ACTIVITY » Copy all records verbatim, images excluded.

** DATA PROVIDED follows **

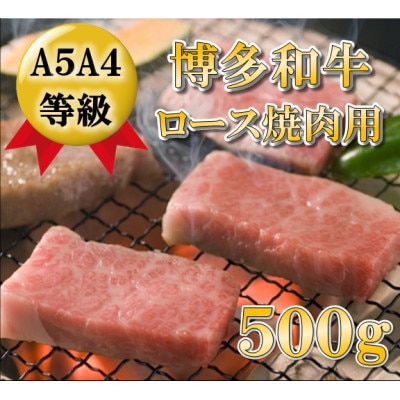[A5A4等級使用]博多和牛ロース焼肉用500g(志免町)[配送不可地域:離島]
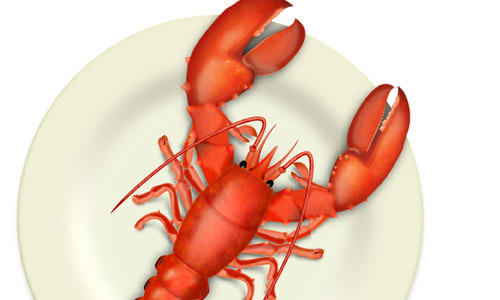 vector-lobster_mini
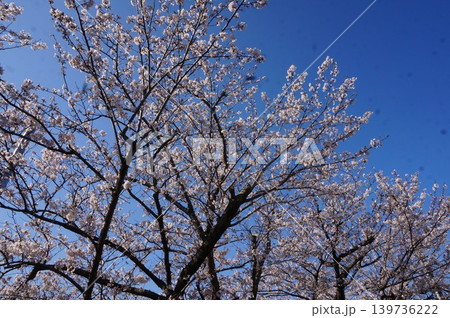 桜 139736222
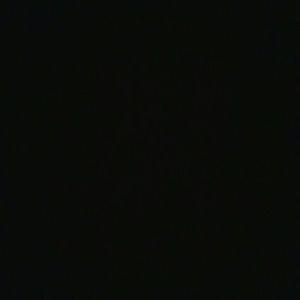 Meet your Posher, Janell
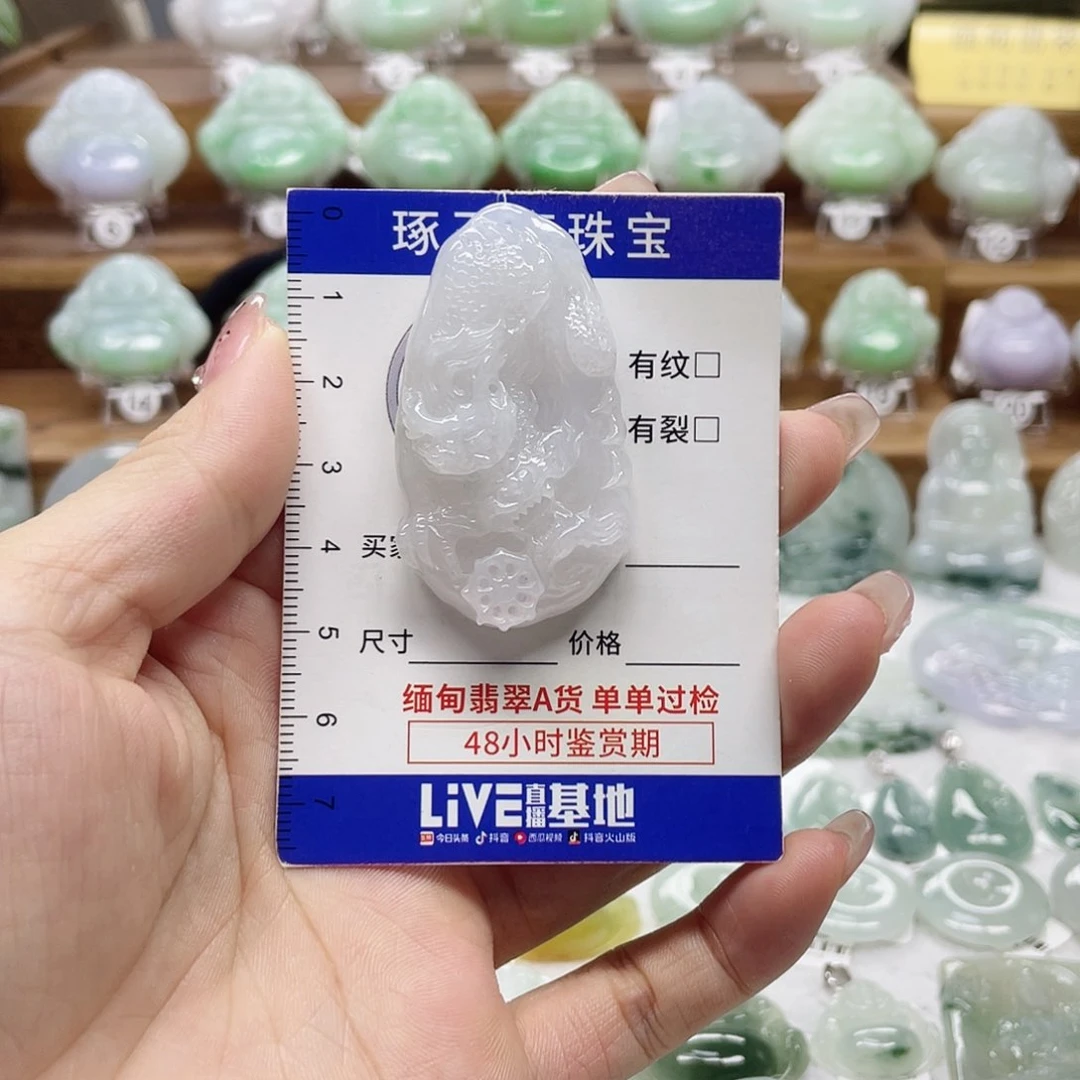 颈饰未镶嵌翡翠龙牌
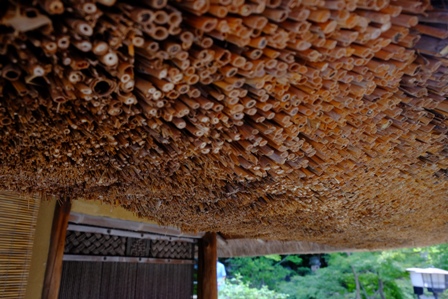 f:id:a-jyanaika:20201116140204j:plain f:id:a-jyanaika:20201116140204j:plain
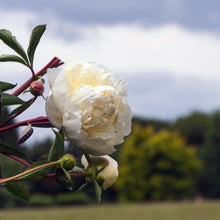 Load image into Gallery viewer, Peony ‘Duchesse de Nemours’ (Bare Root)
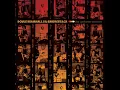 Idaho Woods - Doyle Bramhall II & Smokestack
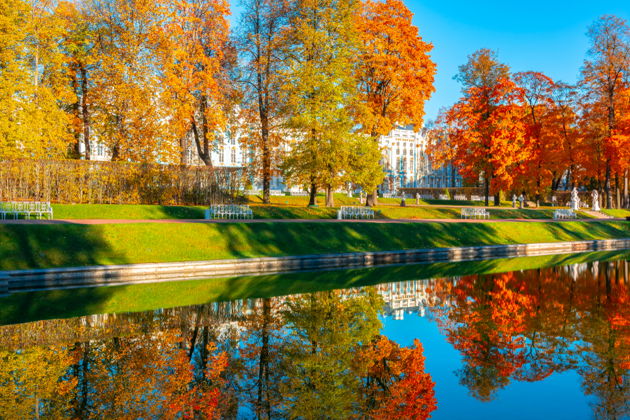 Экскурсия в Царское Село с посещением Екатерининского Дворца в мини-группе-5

** End of DATA PROVIDED **

EXPECTED OUTPUT »
[A5A4等級使用]博多和牛ロース焼肉用500g(志免町)[配送不可地域:離島]
 vector-lobster_mini
 桜 139736222
 Meet your Posher, Janell
 颈饰未镶嵌翡翠龙牌
 f:id:a-jyanaika:20201116140204j:plain f:id:a-jyanaika:20201116140204j:plain
 Load image into Gallery viewer, Peony ‘Duchesse de Nemours’ (Bare Root)
 Idaho Woods - Doyle Bramhall II & Smokestack
 Экскурсия в Царское Село с посещением Екатерининского Дворца в мини-группе-5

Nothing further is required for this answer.